Beyond the State Machine
The thoughts and opinions expressed are those of the writer and not Gamasutra or its parent company.
This post is a follow up to the article Logic over Time in which I described why new language features, such as coroutines, can help game programmers write more readable and robust state machines. In this article, I’ll talk in more details about the specifics of my implementation of coroutines and its advantages and uses beyond state machines themselves. Specifically, I'll talk about concurrency and synchronization.
I have posted the sources on GitHub, under an MIT license, feel free to use this framework in your own projects. The code is written in .NET 3.5 (the version supported by Unity).
I will start by showing you an example, and highlight how these coroutines are nicely composable. After that I will dive deeper into the implementation of the framework, and answer some of the more common questions related to using coroutines in game code.
A Simple Turret
Picking up where I left off in the first article, I went ahead and wrote a simple Turret behavior for a mock game (sources of which are also available on the repository).
To summarize, the turret does the following: it looks for a target (the player) within a given radius. Once it finds a target, it does two things at once. It shoots projectiles, and it tracks the target. If it loses lock on the target (player moving too far away), it returns to its original orientation and starts over. Here is the relevant piece of code, let’s dissect it right away!
Let’s start by looking at the
IEnumerable<Instruction> type of the
Main() coroutine. As I mentioned in my previous article, this function generates an iterator block, that yields intermediate results of type
Coroutines.Instruction. These intermediate instructions tell the framework how to proceed.
By default the framework enumerates the iterator block, which is what executes the actual coroutine code. It does this until a value is yield-ed by the coroutine code. Depending on what that value is, it will do one thing or another.
ControlFlow.ExecuteWhile() are of course special instructions that tell the framework what to do: mainly to execute other (sub)coroutines under certain conditions.
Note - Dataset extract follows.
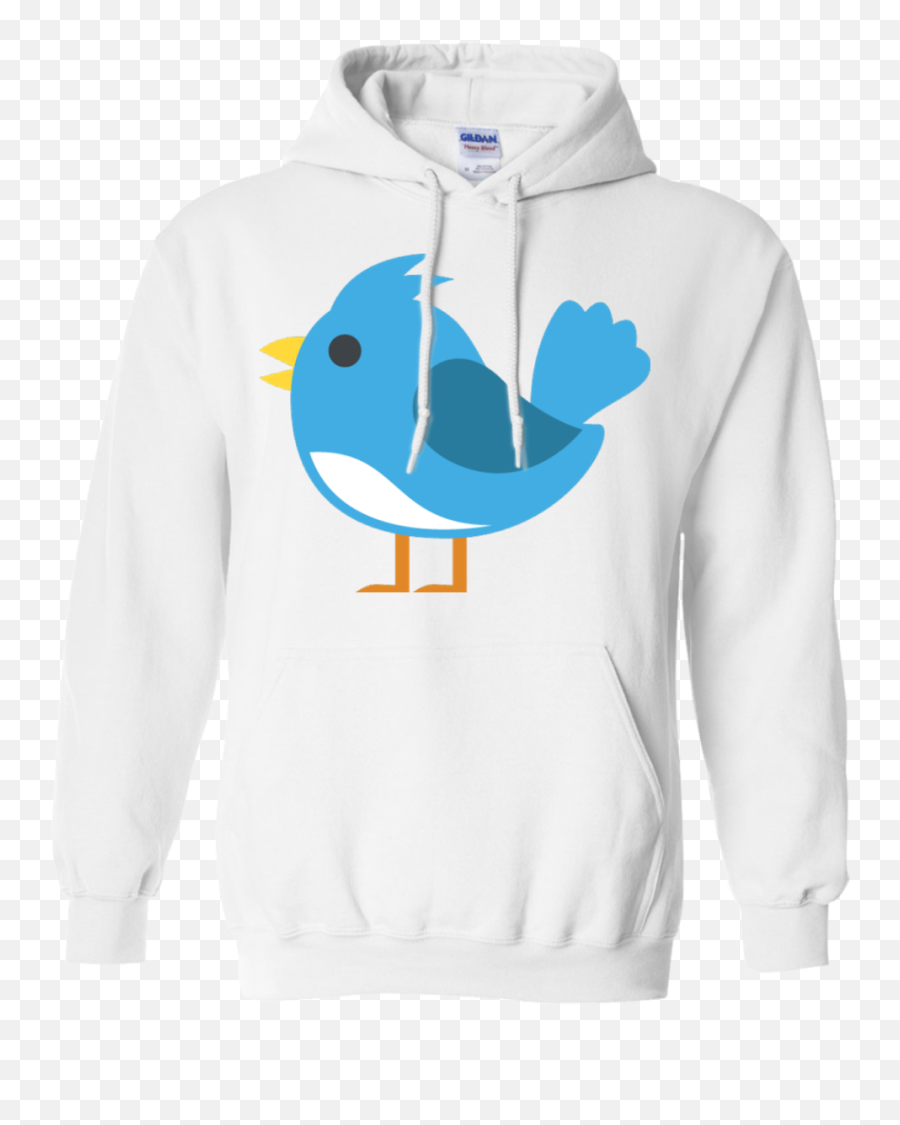 Blue Bird Emoji Hoodie - Rick And Morty Gucci Hoodie,Blue Bird Emoji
Instructions like
Call() are how we can compose coroutines, let’s look at them more closely.
To understand how instructions works, let’s start by looking at a simpler example:
This is the utility coroutine that waits for a specific amount of time. It just sits in a loop checking the time since it was first called, and yields
null. Once the time has elapsed, it simply terminates.
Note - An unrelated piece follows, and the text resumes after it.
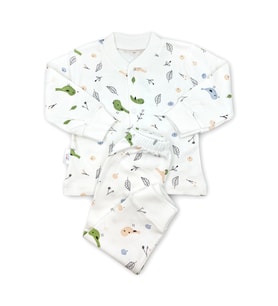 Sema Baby Happy Birds Bebek Pijama Takımı 3-6 Ay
null is interpreted by the framework to mean ‘sleep until next frame’. (Note: it is the exact same meaning as it is for Unity’s coroutines. How convenient!)
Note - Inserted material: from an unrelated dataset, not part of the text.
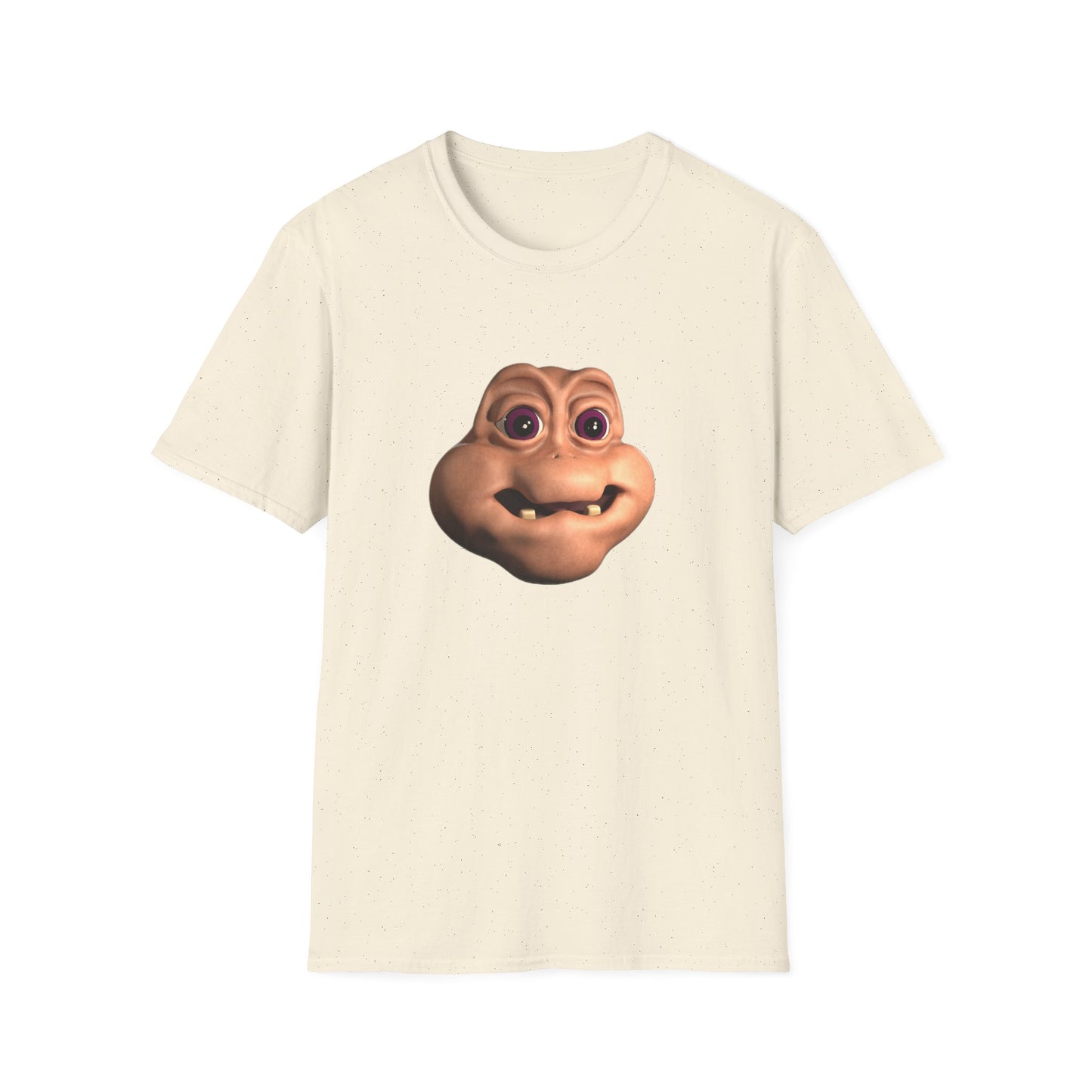 baby sinclair from Dinosaurs tv show tshirt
A coroutine can also yield a Call instruction, passing in another coroutine. This is in fact what the
FireProjectiles() coroutine of our turret does to wait between firing projectiles.
ControlFlow.Call(...) is a utility method that returns a derived class of
Instruction, and has a special meaning that the framework understands. In this case it means ‘start executing the coroutine I am passing in (stored in the instruction), and resume me once it has terminated’.
As you would expect, there are other control flow methods that return different Instructions, which in turn have different meanings.
ControlFlow.ExecuteWhile(...) is an example of that.
ExecuteWhile instruction passes a number of (sub)coroutines and a predicate, and the framework understands it to mean ‘Run all the coroutines in parallel for as long as the predicate is true’. But before diving into the details of the
ExecuteWhile(...) code, we need to take a step back and explain how the runtime works.
It’s always Graphs
Behind the scenes, the framework is building a graph structure. The runtime executes the user code, until the user code yields an instruction, and then the runtime interprets that instruction accordingly. Depending on the yielded instruction, the runtime can create different kinds of sub nodes. The most common coroutine node is the one that executes an
The graph is stored by the user however, by manually instantiating a root coroutine node. In our turret example, the root of the graph was declared when we added
_Main to the Turret class.
There is no global coroutine manager or anything like that in the framework. If you want to use a coroutine, you instantiate it yourself, and then ‘tick’ it yourself as well.
After this, the graph structure is built on-demand, based on the instructions yield-ed by the user code. If the user indicates it wants to ‘Call’ a subroutine for instance, the runtime creates a new coroutine, sets it as the child of the current coroutine, and passes execution to it.
Which brings us to the interface that coroutine nodes need to implement:
A basic node of the coroutine graph needs to be able to perform the following:
- Be updated, of course, to do some actual work!
- Indicate whether it is running or finished. That value is used, among other things, to determine when to return execution to a parent coroutine node.
- Be reset, that is: restart whatever it is doing from the beginning.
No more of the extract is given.